Skip to content

Conversation

jeffzi
Copy link
Contributor

@jeffzi jeffzi commented Jan 25, 2020

The intersection of 2 MultiIndex with sort=False does not preserve the order, whereas Index. intersection() does. This behavior does not seem to be intentional since the tests for difference and symmetric_difference are testing for order preservation.

For example:

import pandas as pd

arrays = [['bar', 'bar', 'baz', 'baz', 'foo', 'foo', 'qux', 'qux'],
          ['one', 'two', 'one', 'two', 'one', 'two', 'one', 'two']]
tuples = list(zip(*arrays))
idx = pd.MultiIndex.from_tuples(tuples, names=['first', 'second'])

left = idx[2::-1]
print(left)
#> MultiIndex([('baz', 'one'),
#>             ('bar', 'two'),
#>             ('bar', 'one')],
#>            names=['first', 'second'])
right = idx[:5]
print(right)
#> MultiIndex([('bar', 'one'),
#>             ('bar', 'two'),
#>             ('baz', 'one'),
#>             ('baz', 'two'),
#>             ('foo', 'one')],
#>            names=['first', 'second'])

# expected same order as left
intersect = left.intersection(right, sort=False)
print(intersect)
#> MultiIndex([('bar', 'two'),
#>             ('baz', 'one'),
#>             ('bar', 'one')],
#>            names=['first', 'second'])

Created on 2020-01-25 by the reprexpy package

I verified that my PR does not decrease performances.

I also modified the test for union.

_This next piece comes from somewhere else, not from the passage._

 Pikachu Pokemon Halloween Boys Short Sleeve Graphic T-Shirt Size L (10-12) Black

The implementation was preserving the order with sort=False but the tests were not verifying it.

@charlesdong1991
Copy link
Member

Very nice! @jeffzi

could you pls also create an issue and reference this PR to the issue?

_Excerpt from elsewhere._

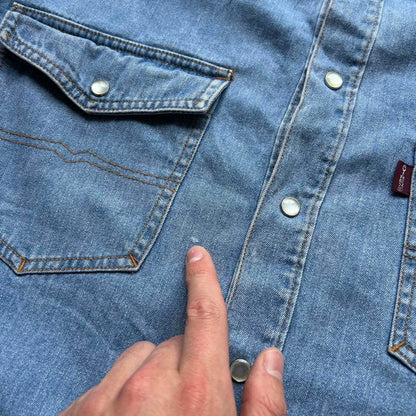 1990s Avirex Denim Shirt Blue XL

@jeffzi jeffzi force-pushed the fix-multiindex-intersection-sort branch from 7a066e6 to 8320d41 Compare January 26, 2020 10:08
@jeffzi
Copy link
Contributor Author

jeffzi commented Jan 26, 2020

I benchmarked the intersection of 2 arrays of tuples: master Vs this PR Vs suggestion by @jreback to take inspiration of difference.

I also looked at the implementation of Index.intersection and found that performances can be increased in the case of 2 monotonic MultiIndex.

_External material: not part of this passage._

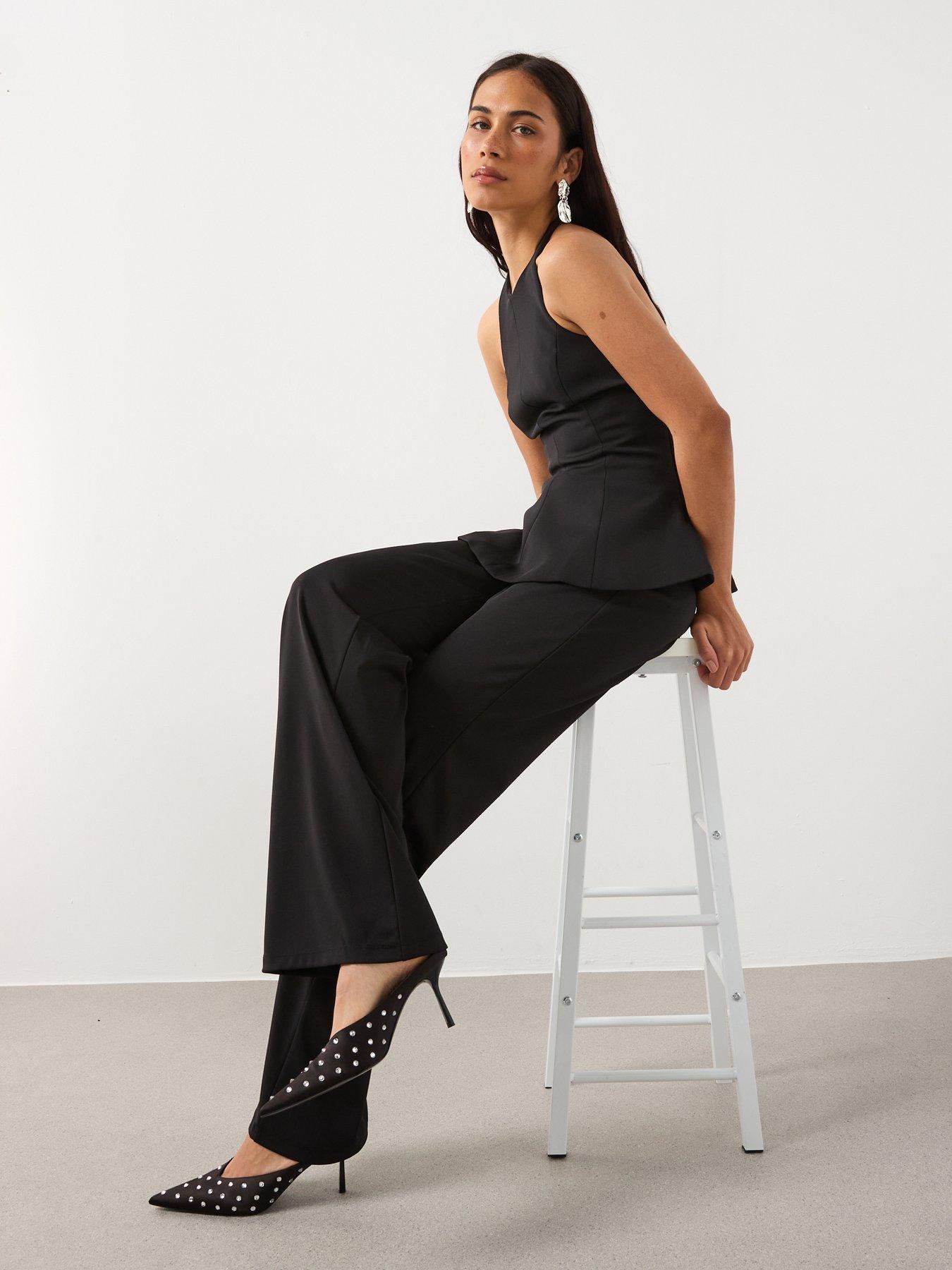 Image 4 of 6 of Mango Straight Fit Trousers With Elastic Waist - Black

@jreback If that's ok with you, I can commit the "mixed" version below.

iimport numpy as np
import pandas as pd
from pandas.testing import assert_index_equal

def master(self, other):
    return set(self._ndarray_values) & set(other._ndarray_values)

def pr(self, other):
    lvals = self._ndarray_values
    rvals = other._ndarray_values
    
    other_uniq = set(rvals)
    seen = set()
    return [x for x in lvals if x in other_uniq and not (x in seen or seen.add(x))]

def indexer(self, other):
    lvals = self._ndarray_values

    if self.is_monotonic and other.is_monotonic:
        rvals = other._ndarray_values
        return self._inner_indexer(lvals, rvals)[0]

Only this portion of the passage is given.